WHAT YOU ARE ASKED TO DO: Keep only the lines from the start of the data through the line containing "Authentic Uruguay Birth", and output them exactly.

[Caption-style text data]
"""

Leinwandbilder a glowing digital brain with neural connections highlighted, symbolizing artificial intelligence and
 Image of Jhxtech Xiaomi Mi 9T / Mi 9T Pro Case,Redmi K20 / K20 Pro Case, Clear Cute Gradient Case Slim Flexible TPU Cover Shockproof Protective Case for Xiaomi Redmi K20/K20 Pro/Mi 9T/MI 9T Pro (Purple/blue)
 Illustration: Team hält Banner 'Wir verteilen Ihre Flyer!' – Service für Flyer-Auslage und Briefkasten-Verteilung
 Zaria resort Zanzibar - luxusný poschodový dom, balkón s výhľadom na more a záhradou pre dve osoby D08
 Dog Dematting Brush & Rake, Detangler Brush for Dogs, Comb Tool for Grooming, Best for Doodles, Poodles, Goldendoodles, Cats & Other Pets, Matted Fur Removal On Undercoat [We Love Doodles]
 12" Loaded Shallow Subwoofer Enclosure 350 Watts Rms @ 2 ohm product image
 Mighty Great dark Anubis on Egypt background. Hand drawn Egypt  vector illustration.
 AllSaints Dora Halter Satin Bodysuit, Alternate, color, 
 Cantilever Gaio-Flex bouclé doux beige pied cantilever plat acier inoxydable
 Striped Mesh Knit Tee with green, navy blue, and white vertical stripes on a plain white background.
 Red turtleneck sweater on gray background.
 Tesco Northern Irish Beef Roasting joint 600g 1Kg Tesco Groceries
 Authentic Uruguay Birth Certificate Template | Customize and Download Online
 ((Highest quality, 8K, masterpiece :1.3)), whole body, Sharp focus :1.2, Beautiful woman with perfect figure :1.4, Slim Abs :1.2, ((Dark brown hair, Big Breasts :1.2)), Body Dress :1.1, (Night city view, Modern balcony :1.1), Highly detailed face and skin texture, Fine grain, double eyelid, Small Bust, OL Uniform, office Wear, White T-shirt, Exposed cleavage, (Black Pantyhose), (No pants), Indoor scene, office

"""

ANSWER SECTION:
Leinwandbilder a glowing digital brain with neural connections highlighted, symbolizing artificial intelligence and
 Image of Jhxtech Xiaomi Mi 9T / Mi 9T Pro Case,Redmi K20 / K20 Pro Case, Clear Cute Gradient Case Slim Flexible TPU Cover Shockproof Protective Case for Xiaomi Redmi K20/K20 Pro/Mi 9T/MI 9T Pro (Purple/blue)
 Illustration: Team hält Banner 'Wir verteilen Ihre Flyer!' – Service für Flyer-Auslage und Briefkasten-Verteilung
 Zaria resort Zanzibar - luxusný poschodový dom, balkón s výhľadom na more a záhradou pre dve osoby D08
 Dog Dematting Brush & Rake, Detangler Brush for Dogs, Comb Tool for Grooming, Best for Doodles, Poodles, Goldendoodles, Cats & Other Pets, Matted Fur Removal On Undercoat [We Love Doodles]
 12" Loaded Shallow Subwoofer Enclosure 350 Watts Rms @ 2 ohm product image
 Mighty Great dark Anubis on Egypt background. Hand drawn Egypt  vector illustration.
 AllSaints Dora Halter Satin Bodysuit, Alternate, color, 
 Cantilever Gaio-Flex bouclé doux beige pied cantilever plat acier inoxydable
 Striped Mesh Knit Tee with green, navy blue, and white vertical stripes on a plain white background.
 Red turtleneck sweater on gray background.
 Tesco Northern Irish Beef Roasting joint 600g 1Kg Tesco Groceries
 Authentic Uruguay Birth Certificate Template | Customize and Download Online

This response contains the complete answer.